Training prints per-epoch loss and saves checkpoints to exp/<timestamp>/save_model/.

Example log line:

[ 939/1000] loss:0.000205376 | loss_reg:... | loss_cls:... | time:42.31 sec

Inference Visualizations

For each test event, test.py saves a 3-row PNG to:

exp/<timestamp>/figs/epoch@<N>/
└── <event_name>/
    └── water_depth_spatial_temporal.png

Figure layout: Row 1 = Reference (ground truth), Row 2 = U-RNN prediction, Row 3 = Absolute error. Rows 1–2 share a fixed 0–2 m colorbar; Row 3 uses 0–0.3 m.

Metrics

Per-event metrics (R², RMSE, MAE, CSI) are saved to exp/<timestamp>/metrics/metrics_epoch<N>.xlsx.

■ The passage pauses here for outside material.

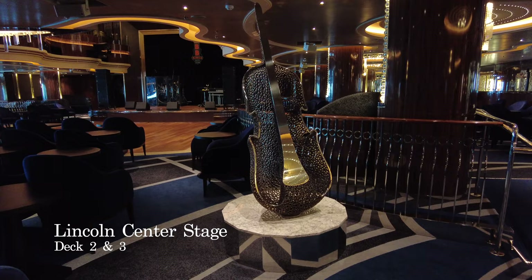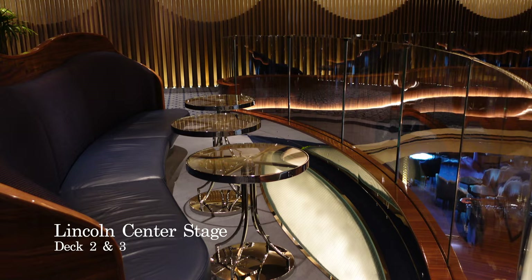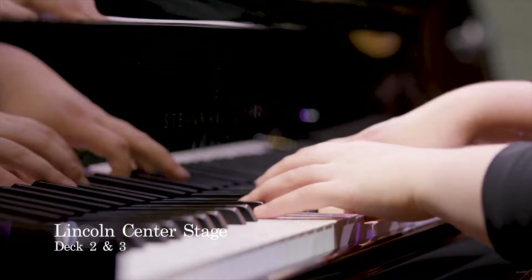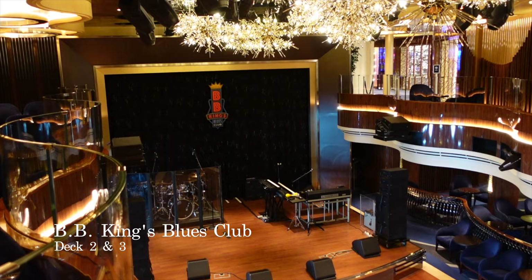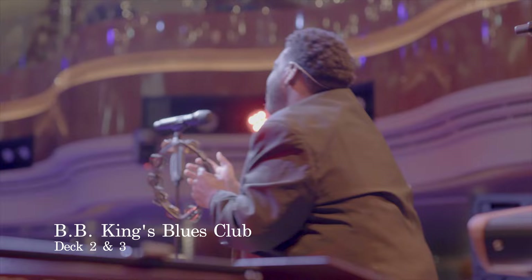The next stop is the Lincoln Stage and BB King's Blues Club. When this venue is Lincoln Stage, you can expect incredible talents from the performing arts and music virtuosos, in partnership with the Lincoln Stage, which is a world-leading centre for performing arts. Come night, this venue transforms into BB King's Blues Club, where you can sing and dance late into the night, and savour the rich southern heritage of the songs performed here. This is a favourite music venue on board Holland America ships, so be sure not to miss it.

11. Cloud GPU — AutoDL Guide

If you do not have a local GPU, rent one from AutoDL for approximately ¥1–3 per hour. The guide below uses the browser-based JupyterLab — no additional software needed on your local machine.

⚠️ Download the dataset to your local machine first (see Section 2) before creating a cloud instance.


🖥️ Step 1 — Create a GPU instance

  1. Register and log in at https://www.autodl.com/.
  2. Click 租用 → GPU 云服务器.
  3. Choose a GPU with ≥ 24 GB VRAM for the full dataset (e.g., RTX 4090 24 GB).
    • For the lightweight 8 m / 10 min dataset, ≥ 8 GB VRAM is sufficient.
  4. Select the base image: PyTorch 2.0 → Python 3.8 (ubuntu20.04) → CUDA 11.8.
  5. Click 立即创建 and wait for the instance to start.

🌐 Step 2 — Open JupyterLab

On the instance overview page, click the JupyterLab button. Use the terminal (Launcher → Terminal) to run shell commands.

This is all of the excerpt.